(DATASET CONTENT begins)

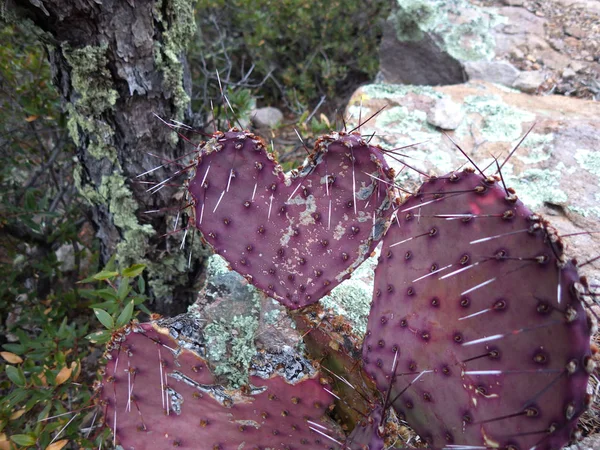 Cactus a forma di cuore viola spinoso in Arizona — Foto Stock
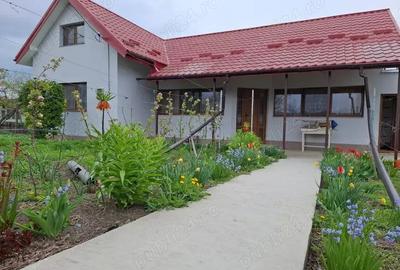 Casa de vanzare in O?etoaia - 1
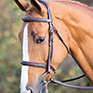 Sailsbury Fairford bridle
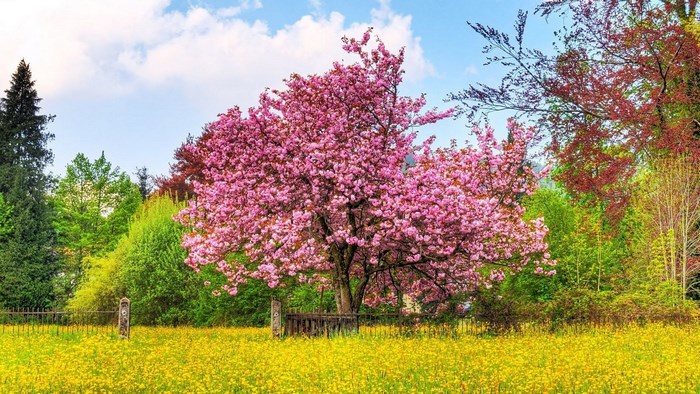 Pink cherry blossom tree in a field of yellow flowers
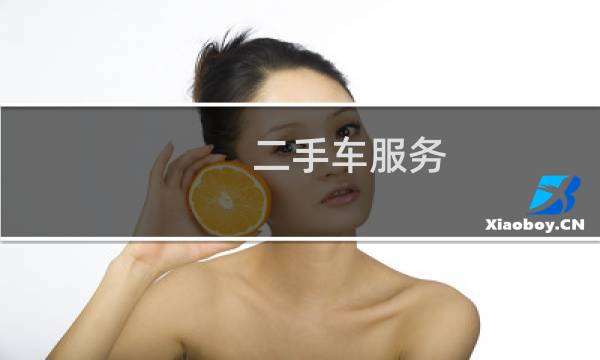 二手车服务 - 二手车服务简短概述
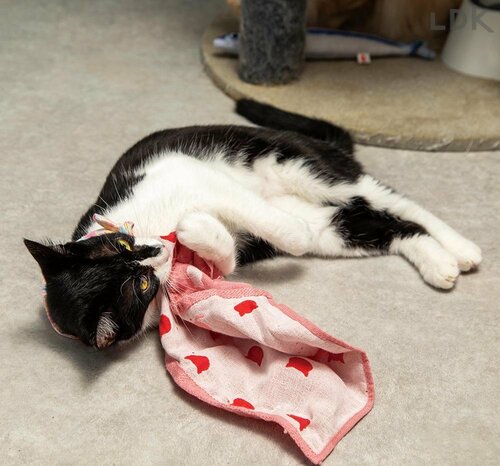 チャーミングすぎる酔いどれネコに変身！ 猫用おもちゃおすすめ イメージ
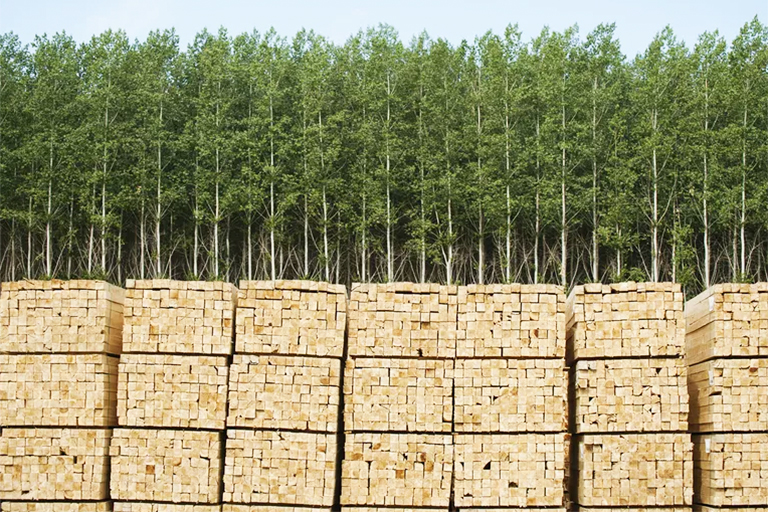 什么是多用途管理-林業與土地管理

(DATASET CONTENT ends)

PROBLEM STATEMENT
Your output must consist only of the lines from the line with "Sailsbury Fairford bridle" through the final line of the data, both included, reproduced exactly and free of pictures.

REPLY
 Sailsbury Fairford bridle
 Pink cherry blossom tree in a field of yellow flowers
 二手车服务 - 二手车服务简短概述
 チャーミングすぎる酔いどれネコに変身！ 猫用おもちゃおすすめ イメージ
 什么是多用途管理-林業與土地管理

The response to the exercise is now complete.